Several months ago, Rishab, 17, read an article in the New England Journal of Medicine about the positive impacts of tai chi on seniors, including how the slow, precise movements improve balance and reduces falls. He'd been practicing for the past year and wanted to spread his knowledge of the mind-body workout.

"I thought, 'This is something I can do,'" Rishab said.

Eskaton Activities Director Tammie Medlin said residents have enjoyed Rishab's weekly classes, which typically host between 10 and 30 students.

"The residents were very excited about the opportunity," Medlin said. "Our residents are always willing to try new things. We started with an introduction class. Rishab did a presentation and demonstration and it has just taken off from there."

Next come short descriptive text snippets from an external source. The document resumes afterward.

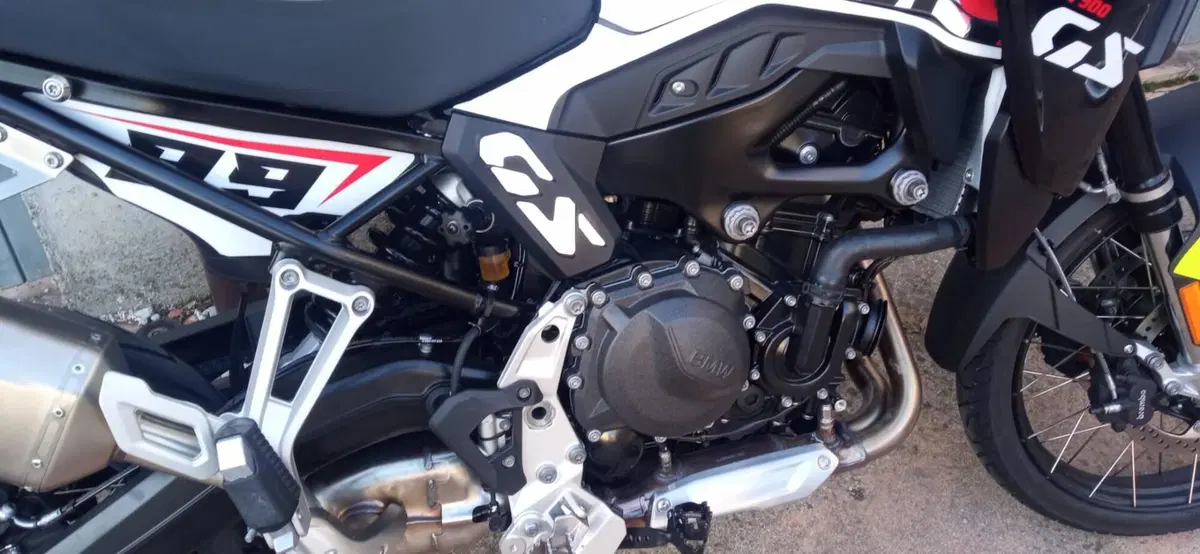 Bmw F 900 GS (2024 - 26) (14)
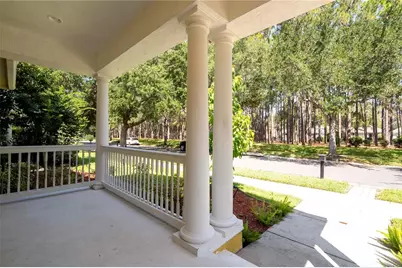 7011 Nobleton Drive, Windermere, FL 34786 - Photo 13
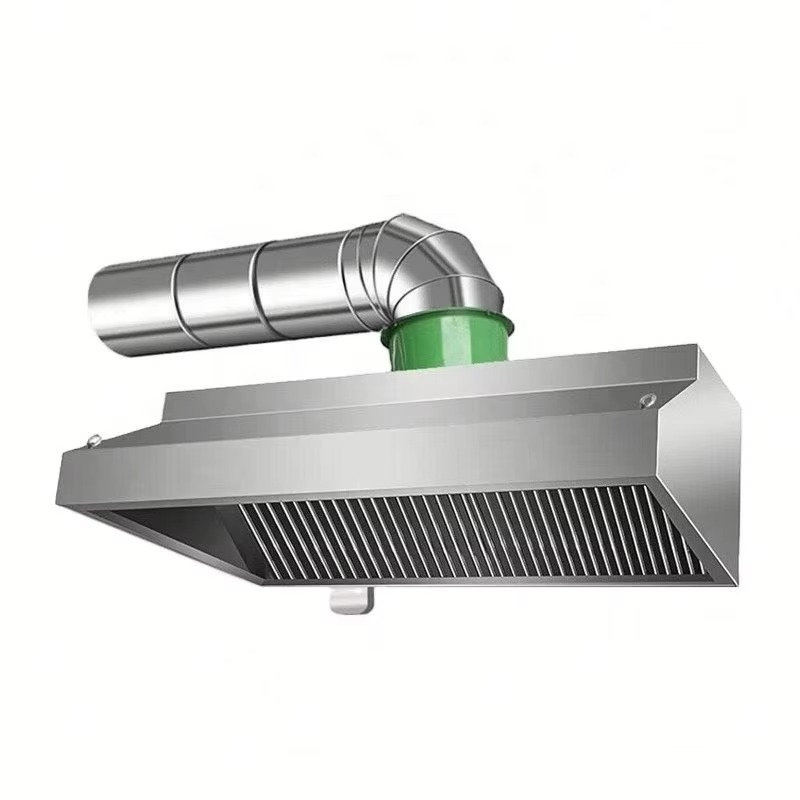Commercial Customizable Kitche - огляд і ціна Commercial Kitchen And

Medlin said tai chi improves seniors' balance, strength and coordination. A recent study published in the Journal of Alzheimer's Disease also found that Chinese seniors who engaged in tai chi three times a week showed increased brain volumes and scores on memory and thinking tests.

"The movements are low impact and very fluid," Medlin said. "The residents enjoy the calmness of the sessions and the feeling of relaxation that follows."

Rishab runs the class with assistance from his father Dinesh Kotak, an oncology doctor at Kaiser Permanente Roseville Medical Center. The father and son practice tai chi at Extreme Martial Arts Centers in Citrus Heights, studying under a sifu - or master - by the name of Ron Dillman.

The older Kotak had seen a flier for tai chi and knew his son had always wanted to try martial arts, so they signed up.

"I have a busy schedule," Rishab said. "I take a lot of advanced classes. It's the one part of the day I get to relax, and I feel really good afterward. It gets my blood flowing and I feel centered."

He believes tai chi is having a similar affect on the seniors he teaches. That's his goal - to help others, as he also does in other groups such as Oakmont High School's Interact Club.

"I'm proud of him every single day," said his mother Shanu Kotak, who is also a doctor. "He does a lot of community service, like with Interact Club, and he's always doing stuff on the side and staying later (to help)."

As for Rishab, he has no plans to stop practicing tai chi.

"If I can, I'd like to do it my whole life," he said.